Goldman Sachs is the latest Forex trading bank to be added to the list of banks being investigated for rigging of Forex rates used to price other derivatives, and for benchmarking purposes, known as the WM/Reuters rates. However the investigation against Goldman Sachs also includes commodities, options, and technology systems. Bloomberg reports:
Goldman Sachs Group Inc. (GS), the world’s most profitable securities firm before the financial crisis, said it’s under investigation by regulators probing the potential manipulation of foreign-exchange rates. Currencies and commodities were added to a list of financial products and related activities that are subject to investigation, according to a regulatory filing published by the New York-based company today. The filing also added options trading and technology systems and controls to the list. Investigators are looking at the firm’s “trading activities and communications in connection with the establishment of benchmark rates,” Goldman Sachs said in the filing. The company “is cooperating with all such regulatory investigations and reviews.” At least eight banks including Citigroup Inc. (C) and JPMorgan Chase & Co. (JPM) have said they’re being investigated by authorities examining the $5.3 trillion-a-day foreign-exchange market and are cooperating. Citigroup, JPMorgan and Barclays Plc (BARC) have suspended or put on leave some of their most senior currency traders amid the inquiry. No one has been accused of wrongdoing. The U.S. Federal Reserve is examining legal and regulatory exemptions that have allowed banks including Goldman Sachs to trade and own raw materials such as oil, coal and metals, a person with knowledge of the matter said last month.

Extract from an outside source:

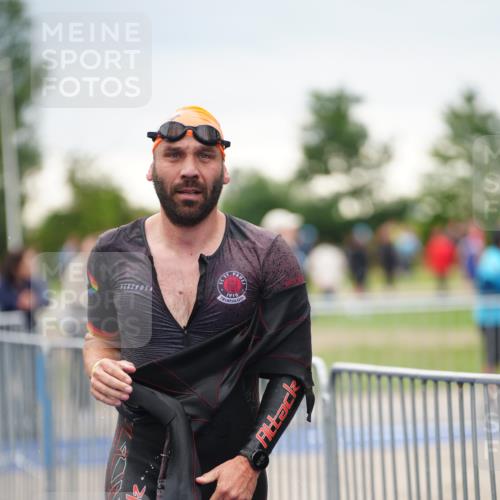 30.08.2026 - Elbe Triathlon Hamburg LAZAROV Photography http://msf.ph/oto/10030883 30.08.2026 08:30:29 Schwimmen 212, 235 meine-sportfotos.de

Investment banks and other Wall Street institutions have come under much pressure since the financial crisis of 2008. What is interesting about this case is that the interbank Forex market is unregulated per se, it’s an over the counter market where banks trade with each other according to their own rules. By seeing client order flow, banks have an unfair advantage into the market. One example is bank A sees a big order coming through, let’s say to sell 1 Billion Euro. Bank A calls his friend at Bank B and tells him about the order. Bank B then places a smaller order for their own book, knowing the price will move when the 1 Billion order hits the market (and may have to be split up in multiple orders). It’s very difficult to prove such activities without seeing the communications between Bank A and Bank B, which may be revealed during the course of this investigation. Also it will be interesting to see what legal grounds are taken against the banks. In the stock market, insider trading has been illegal for a long time. But there isn’t any specific regulation specifically forbidding banks profiting from information which they have ahead of other market participants. Lawmakers may consider making a Forex specific law, but then it would be questionable how this could be enforced in jurisdictions which are not G8 friendly. Also since Forex is not traded on an exchange, but OTC, this also complicates the enforcement of any potential regulation forbidding such activities. The WM/Reuters rates are used widely to price other instruments, derivatives, and for accounting purposes. Clients who lost money because of these banks activities essentially front running orders and manipulating the price, clearly have a claim against the banks. But what’s not clear is what form this claim may take and how it will be prevented from happening in the future.